The World's Biggest Flip-Flop

Anyone who thinks Barack Obama is the world's biggest flip-flop needs to look at Ted Thompson and the Green Bay Packers. All summer, Thompson has been steadfast in anointing Aaron Rodgers as the starting quarterback, refusing to give retired legend Brett Favre anything he wanted.

Rather than allow Favre to return and compete for the starting job, rather than trade Favre, rather than release Favre when he asked, Thompson did nothing. It was reminiscent of how our parents taught us how to deal with bullies in school: Ignore them, and eventually, they'll go away.

Only that never worked on bullies. And it didn't work on Favre.

The NFL will reinstate Favre on Monday, which is when the Packer great will return to Packers training camp.
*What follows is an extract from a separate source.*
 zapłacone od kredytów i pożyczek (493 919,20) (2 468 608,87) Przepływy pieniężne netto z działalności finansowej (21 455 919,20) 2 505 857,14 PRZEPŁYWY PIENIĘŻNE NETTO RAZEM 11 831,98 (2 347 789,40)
Green Bay management, which in recent weeks also had to deal with the holdout of running back Ryan Grant, did an about-face in offering Favre the chance to compete with Rodgers for the starting job.
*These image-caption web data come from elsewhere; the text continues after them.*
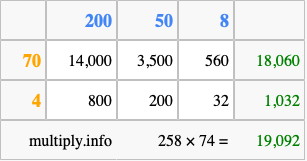 Calculate 258 times 74 using the box method
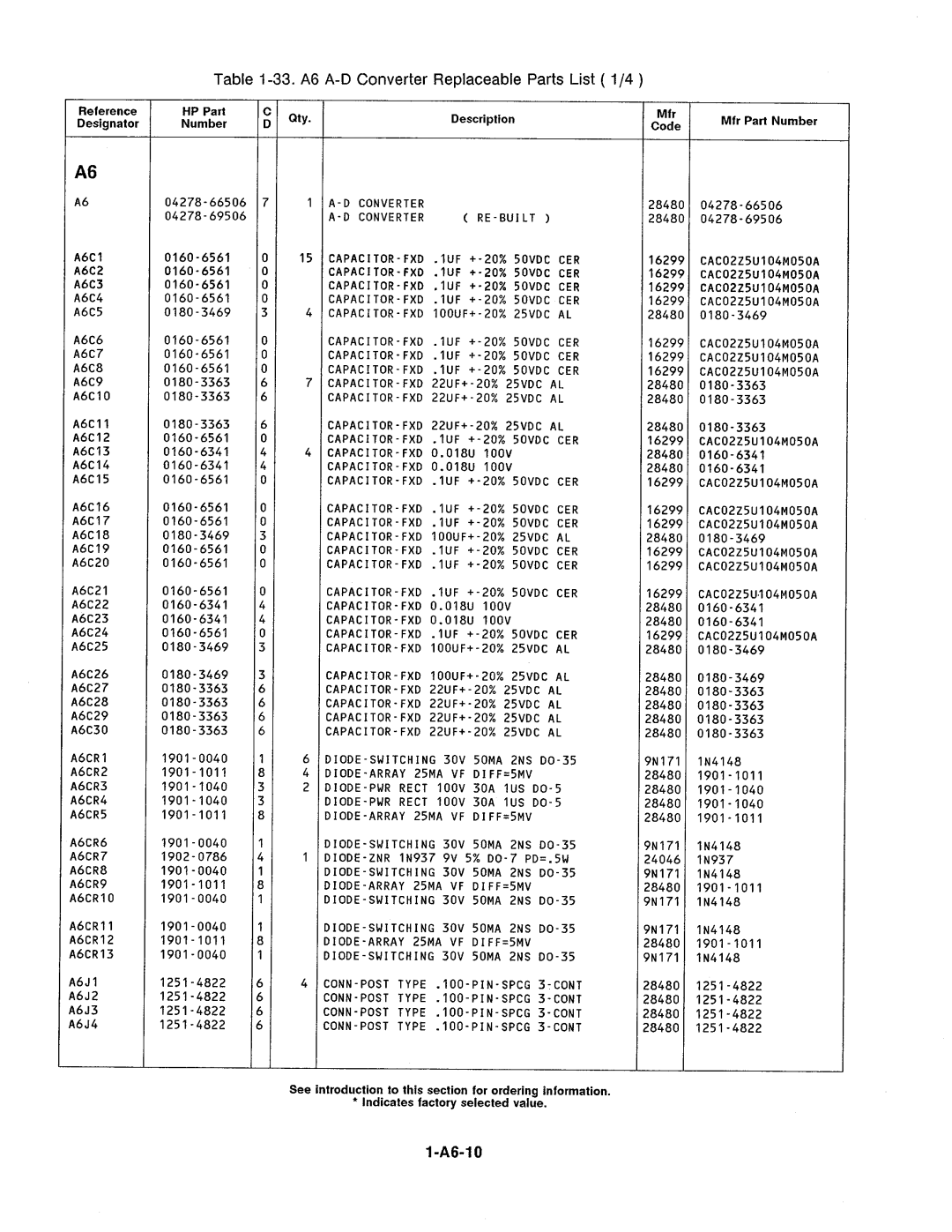 Agilent Technologies 4278A manual 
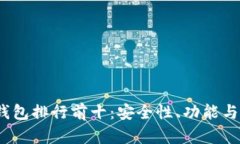 2023年数字货币钱包排行前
C'mon, does anyone really think Rodgers can win this competition? Barring an injury to Favre, the starting job appears to have his name written all over it. Again.
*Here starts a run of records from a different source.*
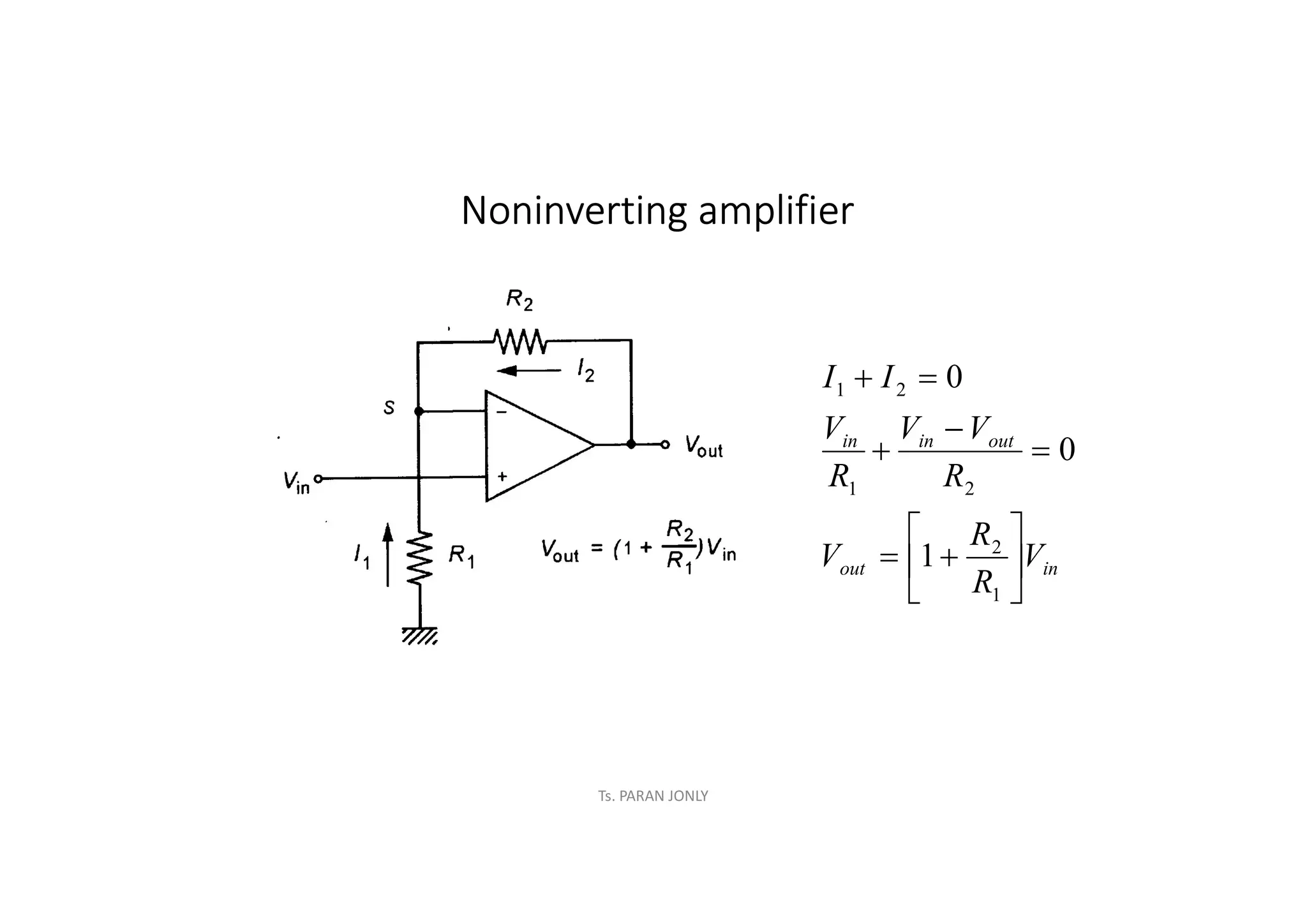 Ts. PARAN JONLY
Noninverting amplifier
in
out
out
in
in
V
R
R
V
R
V
V
R
V
I
I













1
2
2
1
2
1
1
0
0
 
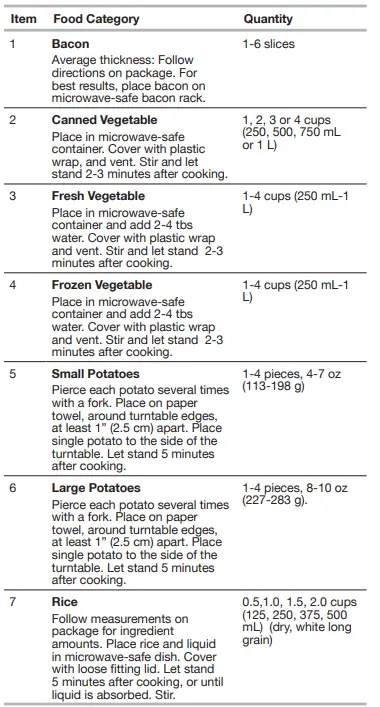 Whirlpool LPTKACUY Microwave Hood Combination 14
Is this a PR move for the Packers, a chance to save some face after what has been a tumultuous and ill-handled summer? Yes, and it shows the Packers as an organization can't be trusted. Favre did force their hand, but in the future, when the Packers' front office says it's going to do something, I'll have a hard time believing them.

For the Packers, it was about Thompson's pride and ego. He wanted Rodgers -- his first draft pick as Green Bay's general manager -- to get the nod to validate himself. It didn't seem to matter which quarterback gave the Packers a better chance to win, it was all about what Thompson wanted.

As for the quarterback who gives Green Bay the best chance to win? Well, Rodgers wasn't the one who threw for over 4,100 yards in leading the Packers to a 13-3 record and within one game of the Super Bowl.

Favre made a mistake retiring when he did; even he admits that. But the best in their game reserve the right to leave on their own terms -- and that includes returning if they happen to change their minds. Favre is one of the game's best, and he deserves the chance to come back should he choose.

That the Packers did everything they could to make him stay away -- including an insulting $20 million "stay away" offer -- shows just what matters to the front office in Green Bay.

And apparently, winning football games isn't on that agenda.